Ecosystems underpin Sustainable Development

June 30th, 2017

There is incredible generosity in the potentialities of Nature. We only have to discover how to utilize them. E. F. Schumacher

Practical Action have just attended the 11th international conference on Community Based Adaptation (CBA) a global platform of practitioners at which Practical Action country staff can share lessons learned and knowledge from our projects while also networking, sharing and exchanging ideas with practitioners working around the world. This year staff from Nepal, Bangladesh and Peru[i] were able to attend the conference, joined by two staff from the UK.

This year the CBA took place in Kampala, Uganda. The conference lasted for three days and was attended by more than 300 participants from over fifty countries. The theme of this year’s conference was Ecosystem Based Adaptation (EBA), a theme that would ring true to our founder Dr Fritz Schumacher who spent his life highlighting the fundamental interdependency between human existence and a healthy planet.

The conference brings together an incredibly vibrant community of practitioners, and in its 11th year builds on over a decade of shared learning. One piece of common understanding is that climate change is happening now and is impacting the poorest the most. Those whose daily lives balance precariously on the frontlines of numerous threats many of which are exacerbated by climate change. Therefore a key driver for CBA practitioners is that we have to act quickly to reduce this threat.

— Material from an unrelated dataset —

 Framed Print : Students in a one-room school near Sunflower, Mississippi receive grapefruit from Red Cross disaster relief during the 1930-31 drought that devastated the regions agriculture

One cost effective way we can do this is to utilise the potential of nature and this is the basis of EBA. EBA is the conservation, sustainable management and restoration of natural ecosystems in a way that helps people adapt to climate change, coupled with people’s wise management of these natural components to ensure their preservation, to support the wellbeing of current and future generations. The key element is that ecosystems enhance the adaptation capacity of communities and community action protects the ecosystem services upon which they depend.

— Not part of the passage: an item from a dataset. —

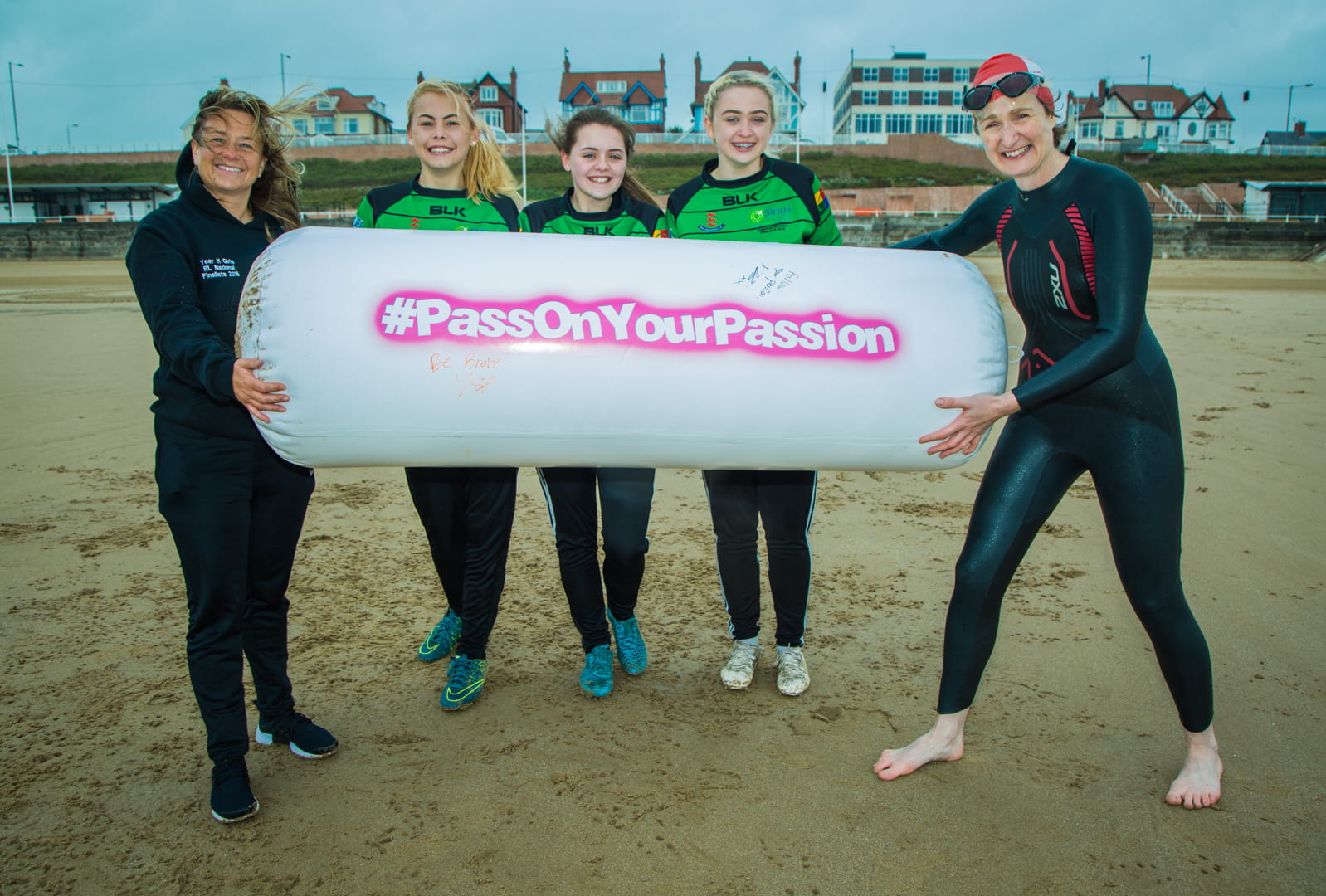 Female coaches on beach passing on inflatable batton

Healthy ecosystems underpin people’s wellbeing and can help them adapt to climate change in four fundamental ways;

The rapidity of climate change relative to the speed at which natural adaptation, otherwise known as evolution, takes place is challenging existing capacity to adapt. The exposure of people, their communities and societies to climates not experienced during their lifetime, or reflecting the period over which their complex wellbeing strategies have developed is placing new challenges on natural and human systems to adapt. Not only with the pace of adaptation required, but also in a way that can anticipate the uncertainty that the future will undoubtedly bring.

CBA combined with EBA offers huge potential to reduce people’s vulnerability to a range of climate change impacts and provide significant co-benefits for biodiversity and people, especially those most vulnerable to climate change. We need to overcome any existing conflict between the two approaches, and then scale up from the tens of thousands to the tens of millions as rapidly as possible.

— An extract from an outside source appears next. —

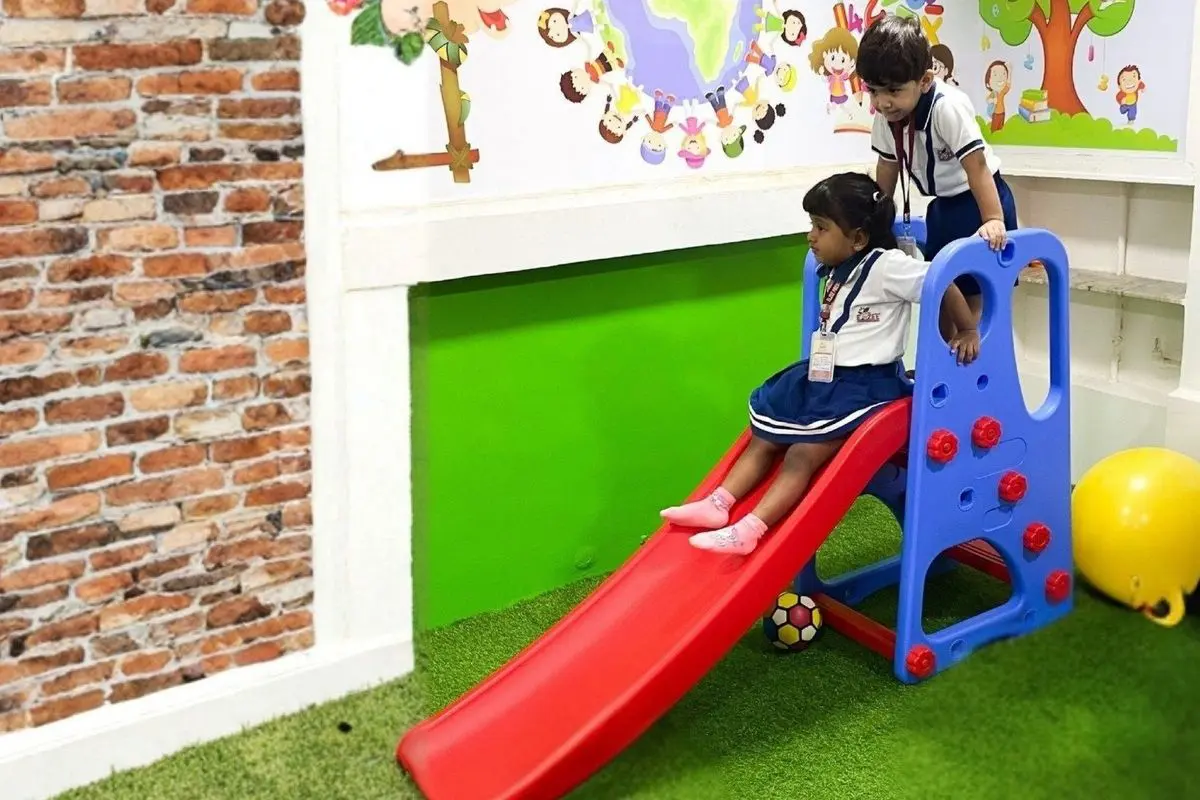 Toddlers at Elzee Preschool playing together and learning social skills through group activities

[i] Unfortunately our Peru colleague was unable to join us although her paper was presented by Chris Henderson in her session on day two.

One response to “Ecosystems underpin Sustainable Development”

  1. Gehendra B. Gurung Says:

    I was expecting to understand EBA a little bit in depth by understanding the connecting threads (binding elements) between the beads (interdepending components) in the ecosystem. In a natural ecosystem, the connecting threads/ elements are “nutrients”, “energy” etc. that flows from one element or component to another (beads) that bind (make interdependent) the elements or components to each other. If the thread or the flow of energy / nutrient breaks, the system breaks, which cannot run and produce their services. In the EBA, my expectation was, that the effects of climate change on NUTRIENT or ENERGY (connecting elements) flow or the components that interact to each other were assessed, and the EBA interventions were so designed that protect, strengthen or restore the cycles based on the understanding of the climate change effects. But experiences being shared in the events touched upon the elements or components like Forest, Agriculture or Water Resources Management, and were not clearly explaining their interconnectedness / interdependences through nutrients or energy or through other means, how these interconnecting elements (threads) or the components have been affected / impacted by climate change, and how the implemented interventions have strengthened/ restored/ protected the connecting elements (nutrients, energy) and the components from being affected by climate change, etc. etc. So I think there is a need to implement the interventions in an ecosystem approach, not like a general management of resources or the components. The EBA Approach should be different from Natural Resources Management (NRM) Approach or from Integrated Conservation and Development Programme (ICDP) approach for Climate Change Adaptation (CCA).